### INFORMATION SHOWN
- Opening Delimiter -

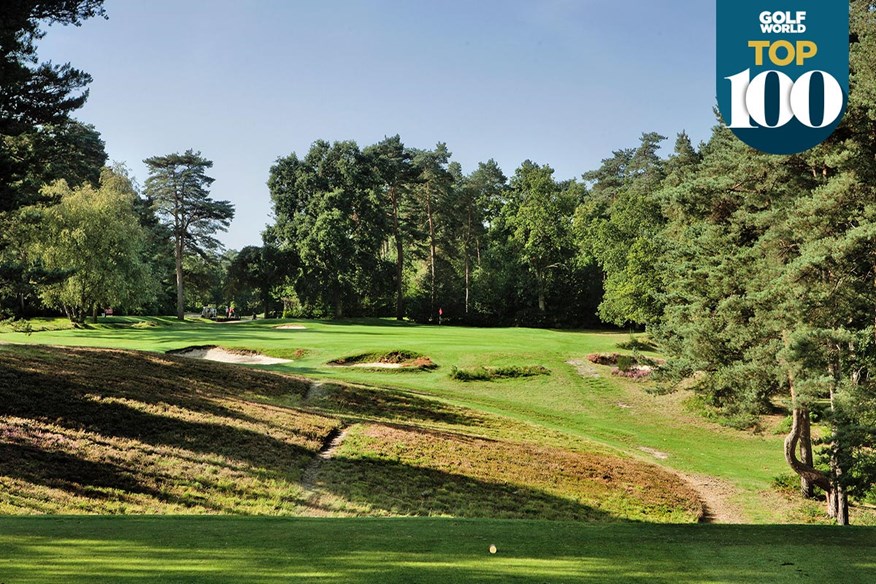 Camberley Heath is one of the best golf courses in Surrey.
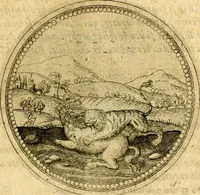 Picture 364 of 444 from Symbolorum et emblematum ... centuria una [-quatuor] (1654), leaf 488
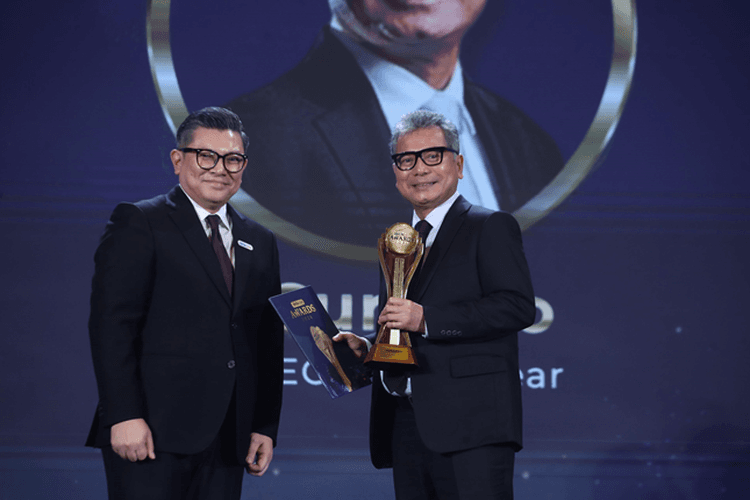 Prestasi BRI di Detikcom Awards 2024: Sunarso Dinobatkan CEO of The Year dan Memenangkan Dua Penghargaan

- Closing Delimiter -

### WHAT YOU SHOULD DO
Go through the material and set it down again exactly, but without any pictures.

### ANSWER SECTION
 Camberley Heath is one of the best golf courses in Surrey.
 Picture 364 of 444 from Symbolorum et emblematum ... centuria una [-quatuor] (1654), leaf 488
 Prestasi BRI di Detikcom Awards 2024: Sunarso Dinobatkan CEO of The Year dan Memenangkan Dua Penghargaan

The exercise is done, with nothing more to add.